| The problem |
Locate, in the data below, the line that contains "Kit Kat Chocolate Brands List" and the line that contains "2022 Ram 3500 - Pickup"; reproduce exactly those two lines and every line between them, nothing more.

┌──

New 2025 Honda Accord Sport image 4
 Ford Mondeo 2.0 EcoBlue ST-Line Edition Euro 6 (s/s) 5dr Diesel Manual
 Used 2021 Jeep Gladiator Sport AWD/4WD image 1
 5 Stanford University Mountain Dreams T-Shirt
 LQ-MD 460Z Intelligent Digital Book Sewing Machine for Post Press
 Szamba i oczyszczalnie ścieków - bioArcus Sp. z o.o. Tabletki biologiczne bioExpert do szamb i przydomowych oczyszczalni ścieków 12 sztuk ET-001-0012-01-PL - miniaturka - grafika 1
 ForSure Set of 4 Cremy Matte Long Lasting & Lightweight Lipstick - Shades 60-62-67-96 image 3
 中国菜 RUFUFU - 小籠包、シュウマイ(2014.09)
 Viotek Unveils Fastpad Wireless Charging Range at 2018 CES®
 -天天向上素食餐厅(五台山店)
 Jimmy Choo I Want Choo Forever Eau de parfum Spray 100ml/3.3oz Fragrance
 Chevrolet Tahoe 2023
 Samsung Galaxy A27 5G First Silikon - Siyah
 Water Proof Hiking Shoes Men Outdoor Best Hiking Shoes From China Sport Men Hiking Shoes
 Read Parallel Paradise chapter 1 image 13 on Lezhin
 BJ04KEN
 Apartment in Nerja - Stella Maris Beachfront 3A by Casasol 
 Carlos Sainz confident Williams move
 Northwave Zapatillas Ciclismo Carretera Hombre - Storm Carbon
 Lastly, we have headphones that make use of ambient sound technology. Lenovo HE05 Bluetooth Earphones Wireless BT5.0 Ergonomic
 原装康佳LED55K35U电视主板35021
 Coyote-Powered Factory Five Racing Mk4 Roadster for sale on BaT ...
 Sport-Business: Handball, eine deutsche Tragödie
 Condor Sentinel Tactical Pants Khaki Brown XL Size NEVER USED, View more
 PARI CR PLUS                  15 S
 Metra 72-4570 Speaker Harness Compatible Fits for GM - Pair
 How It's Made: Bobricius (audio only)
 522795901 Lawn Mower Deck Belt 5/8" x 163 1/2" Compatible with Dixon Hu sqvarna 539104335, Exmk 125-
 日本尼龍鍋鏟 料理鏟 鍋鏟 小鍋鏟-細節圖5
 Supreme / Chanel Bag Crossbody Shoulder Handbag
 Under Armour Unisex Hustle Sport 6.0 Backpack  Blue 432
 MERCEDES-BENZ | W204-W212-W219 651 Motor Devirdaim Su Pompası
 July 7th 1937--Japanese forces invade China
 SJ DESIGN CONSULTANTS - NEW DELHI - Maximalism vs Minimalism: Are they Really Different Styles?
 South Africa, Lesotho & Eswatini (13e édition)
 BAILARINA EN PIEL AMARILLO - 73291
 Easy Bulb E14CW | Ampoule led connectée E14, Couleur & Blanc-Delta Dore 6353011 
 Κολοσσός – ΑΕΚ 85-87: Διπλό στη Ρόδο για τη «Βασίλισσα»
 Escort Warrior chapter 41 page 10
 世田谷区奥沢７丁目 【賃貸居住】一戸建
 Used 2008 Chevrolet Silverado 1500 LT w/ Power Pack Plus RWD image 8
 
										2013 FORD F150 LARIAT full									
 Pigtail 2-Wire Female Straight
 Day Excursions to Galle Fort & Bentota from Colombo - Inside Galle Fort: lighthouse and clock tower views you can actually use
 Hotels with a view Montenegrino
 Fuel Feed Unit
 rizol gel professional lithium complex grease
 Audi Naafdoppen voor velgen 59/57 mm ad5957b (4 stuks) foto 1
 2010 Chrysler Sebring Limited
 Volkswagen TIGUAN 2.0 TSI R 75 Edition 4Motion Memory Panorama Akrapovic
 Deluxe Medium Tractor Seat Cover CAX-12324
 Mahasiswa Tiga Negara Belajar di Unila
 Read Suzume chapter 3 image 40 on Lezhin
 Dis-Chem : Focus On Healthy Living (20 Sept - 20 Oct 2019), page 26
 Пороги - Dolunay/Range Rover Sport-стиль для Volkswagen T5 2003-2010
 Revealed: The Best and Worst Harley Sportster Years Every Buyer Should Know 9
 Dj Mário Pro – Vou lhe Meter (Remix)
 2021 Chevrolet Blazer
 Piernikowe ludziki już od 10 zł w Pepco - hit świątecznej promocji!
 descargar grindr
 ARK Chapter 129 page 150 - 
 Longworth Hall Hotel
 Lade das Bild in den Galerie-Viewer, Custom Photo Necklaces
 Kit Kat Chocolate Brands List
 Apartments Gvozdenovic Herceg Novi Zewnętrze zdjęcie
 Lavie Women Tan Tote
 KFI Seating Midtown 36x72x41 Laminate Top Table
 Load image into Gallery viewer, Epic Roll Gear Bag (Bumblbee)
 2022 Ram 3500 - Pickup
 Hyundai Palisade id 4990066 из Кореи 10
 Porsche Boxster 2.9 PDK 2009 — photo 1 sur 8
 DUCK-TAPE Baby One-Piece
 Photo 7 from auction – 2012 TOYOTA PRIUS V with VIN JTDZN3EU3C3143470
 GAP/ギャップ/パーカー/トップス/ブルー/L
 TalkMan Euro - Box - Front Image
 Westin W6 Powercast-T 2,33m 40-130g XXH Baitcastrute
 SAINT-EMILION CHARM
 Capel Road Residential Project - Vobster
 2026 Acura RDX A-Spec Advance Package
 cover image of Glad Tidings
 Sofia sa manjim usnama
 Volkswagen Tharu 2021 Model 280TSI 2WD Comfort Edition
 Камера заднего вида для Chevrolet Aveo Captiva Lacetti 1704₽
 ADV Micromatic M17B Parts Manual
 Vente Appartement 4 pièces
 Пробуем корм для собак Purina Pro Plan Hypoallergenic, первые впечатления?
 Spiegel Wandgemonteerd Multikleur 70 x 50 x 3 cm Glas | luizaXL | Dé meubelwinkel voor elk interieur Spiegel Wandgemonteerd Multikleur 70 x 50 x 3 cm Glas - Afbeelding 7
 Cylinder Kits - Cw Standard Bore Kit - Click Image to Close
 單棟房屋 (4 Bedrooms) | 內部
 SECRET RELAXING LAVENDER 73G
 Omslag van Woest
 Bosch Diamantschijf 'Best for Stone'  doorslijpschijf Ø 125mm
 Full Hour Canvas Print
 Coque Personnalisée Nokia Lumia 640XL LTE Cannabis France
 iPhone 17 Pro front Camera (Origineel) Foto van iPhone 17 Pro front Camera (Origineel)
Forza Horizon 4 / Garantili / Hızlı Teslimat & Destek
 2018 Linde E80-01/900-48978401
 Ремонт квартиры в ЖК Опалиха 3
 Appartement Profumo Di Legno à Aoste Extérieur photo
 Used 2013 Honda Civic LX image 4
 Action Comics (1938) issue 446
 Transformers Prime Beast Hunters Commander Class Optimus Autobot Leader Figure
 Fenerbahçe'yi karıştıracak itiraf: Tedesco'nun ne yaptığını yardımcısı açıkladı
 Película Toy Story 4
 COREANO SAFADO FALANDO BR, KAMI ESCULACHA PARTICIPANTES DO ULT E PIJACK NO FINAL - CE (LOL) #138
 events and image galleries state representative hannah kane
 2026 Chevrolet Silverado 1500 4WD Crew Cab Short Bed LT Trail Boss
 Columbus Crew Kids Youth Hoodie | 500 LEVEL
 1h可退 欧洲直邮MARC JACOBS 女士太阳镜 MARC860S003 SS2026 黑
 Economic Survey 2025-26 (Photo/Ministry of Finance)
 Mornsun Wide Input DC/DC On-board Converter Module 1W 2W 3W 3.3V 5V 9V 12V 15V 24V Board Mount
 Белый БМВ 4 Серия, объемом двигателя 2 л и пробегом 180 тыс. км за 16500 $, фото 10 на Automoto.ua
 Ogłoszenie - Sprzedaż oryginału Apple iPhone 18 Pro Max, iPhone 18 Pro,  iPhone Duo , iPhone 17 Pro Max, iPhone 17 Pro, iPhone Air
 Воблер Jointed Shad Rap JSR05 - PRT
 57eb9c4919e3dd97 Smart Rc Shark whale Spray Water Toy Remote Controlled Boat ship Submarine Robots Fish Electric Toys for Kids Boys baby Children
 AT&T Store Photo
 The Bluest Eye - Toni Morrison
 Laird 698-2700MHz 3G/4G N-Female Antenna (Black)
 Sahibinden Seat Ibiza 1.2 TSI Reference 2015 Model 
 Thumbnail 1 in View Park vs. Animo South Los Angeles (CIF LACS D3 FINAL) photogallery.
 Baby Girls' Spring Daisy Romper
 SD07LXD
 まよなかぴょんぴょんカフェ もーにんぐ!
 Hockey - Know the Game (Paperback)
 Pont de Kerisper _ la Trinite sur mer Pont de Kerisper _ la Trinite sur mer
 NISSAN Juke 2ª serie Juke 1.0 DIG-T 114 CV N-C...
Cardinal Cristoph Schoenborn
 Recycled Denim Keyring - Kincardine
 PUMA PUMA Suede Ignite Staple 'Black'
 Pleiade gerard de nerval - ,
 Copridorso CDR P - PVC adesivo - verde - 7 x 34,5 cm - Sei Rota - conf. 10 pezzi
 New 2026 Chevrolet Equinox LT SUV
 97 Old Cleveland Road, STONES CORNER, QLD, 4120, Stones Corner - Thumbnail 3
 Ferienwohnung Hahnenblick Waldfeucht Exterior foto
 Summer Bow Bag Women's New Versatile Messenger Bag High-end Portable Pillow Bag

└──

| Written reply |
 Kit Kat Chocolate Brands List
 Apartments Gvozdenovic Herceg Novi Zewnętrze zdjęcie
 Lavie Women Tan Tote
 KFI Seating Midtown 36x72x41 Laminate Top Table
 Load image into Gallery viewer, Epic Roll Gear Bag (Bumblbee)
 2022 Ram 3500 - Pickup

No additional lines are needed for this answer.